La fachosphère se déchaine sur le net, des éditocrates vocifèrent leur racisme, leur sexisme, et aboient à longueur d’antenne contre le système et le politiquement correct qui les empêcheraient de s’exprimer ! Ils revendiquent la liberté d’expression pour mieux imposer leurs idées rances. La tolérance est grande pour celleux qui sont du côté des dominant-es ! Ce sont en fait les parfaits bouffons du pouvoir, à la fois garde-chiourmes et épouvantails, leur rouage est important dans la préservation de l’ordre établi. Ils servent à instiller un climat de défiance au sein des classes populaires. La dégradation de l’image des militant-es participe du combat idéologique.
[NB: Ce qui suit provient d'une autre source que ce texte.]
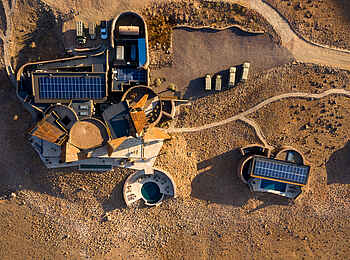 andBeyond Sossusvlei Desert Lodge: Die Lodge aus der Vogelperspektive andBeyond Sossusvlei Desert Lodge: Die Lodge aus der Vogelperspektive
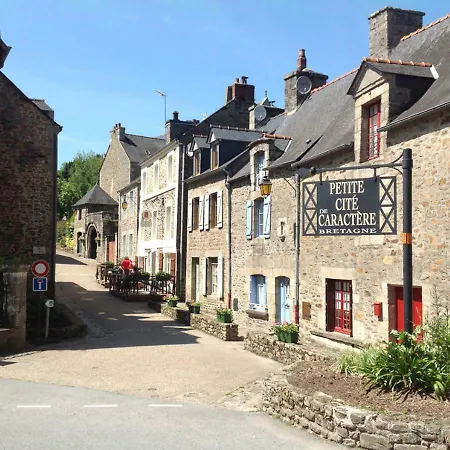 Val Rive - Sisley Apartment Dinan Exterior photo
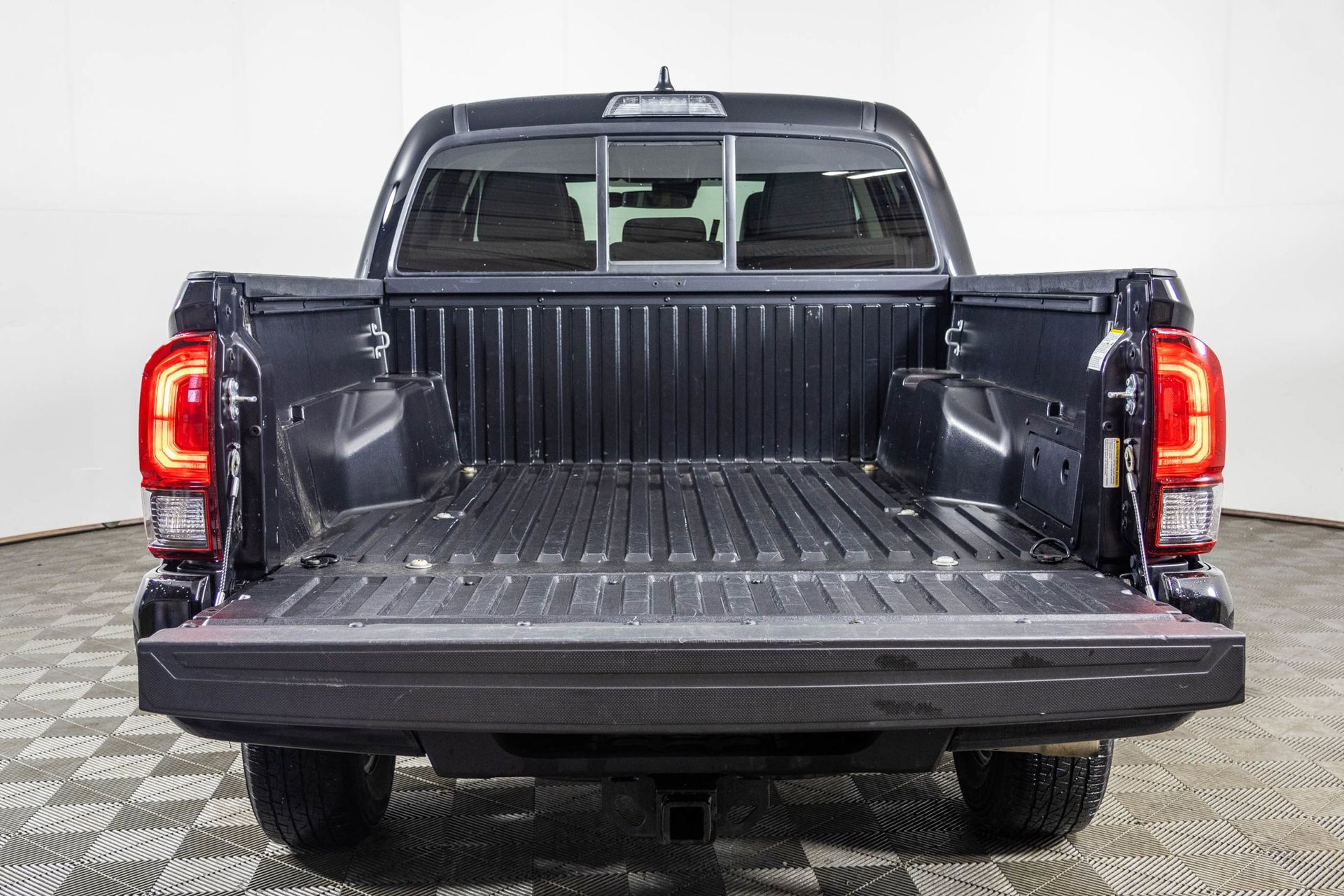 Used 2023 Toyota Tacoma SR AWD/4WD image 38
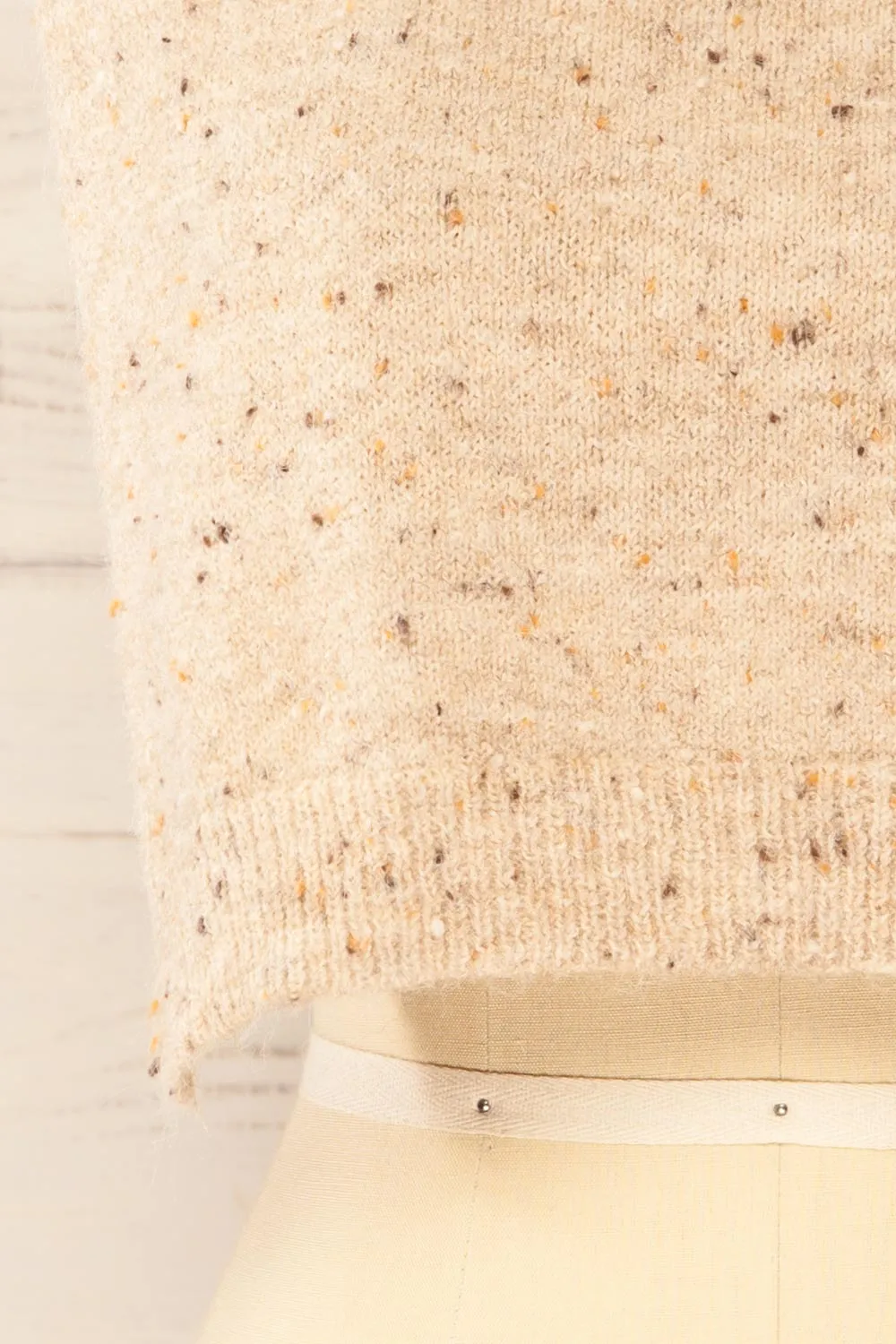 Tyrol Beige | Soft Knitted Pullover Scarf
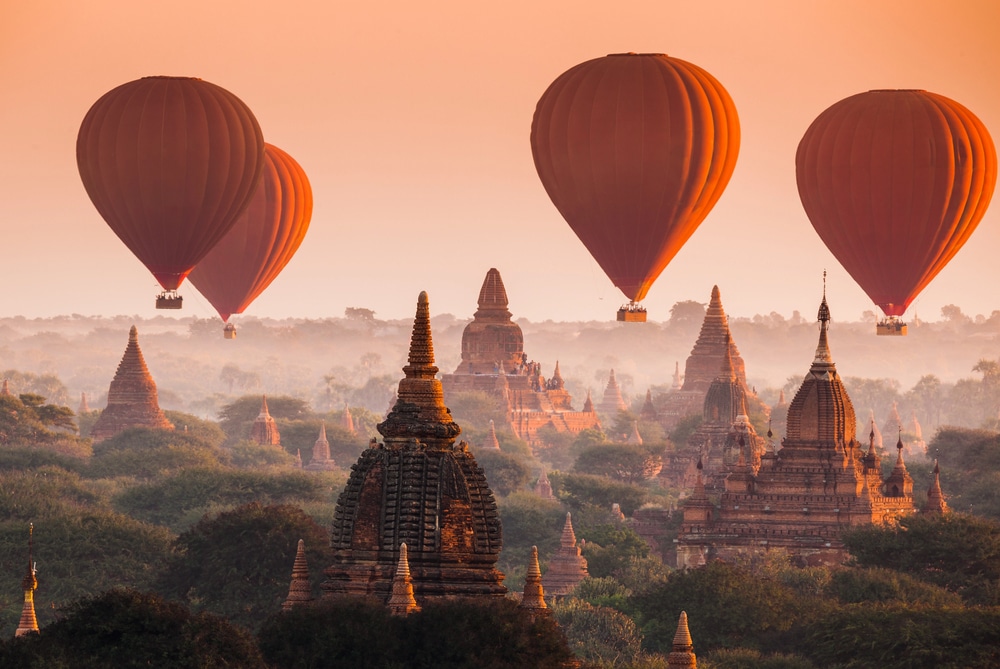 Montgolfière au-dessus de la plaine de Bagan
Les syndicalistes sont taxé-es d’archaïsme et de ringardise, voire assimilé-es à des voyous, des preneurs d’otages, des terroristes ! Car le pouvoir a besoin de déligitimer toute contestation de la start-up nation.

Nous militantes et militants, nous sommes des cibles à abattre, parce que nous sommes des empêcheurs et empêcheuses d’opprimer, de marchandiser, de régresser en rond, parce que nous dénonçons la pensée unique, et que nous exigeons l’égalité et la justice sociale. Notre meilleure réponse est dans la solidarité face aux attaques, et dans la poursuite de nos luttes.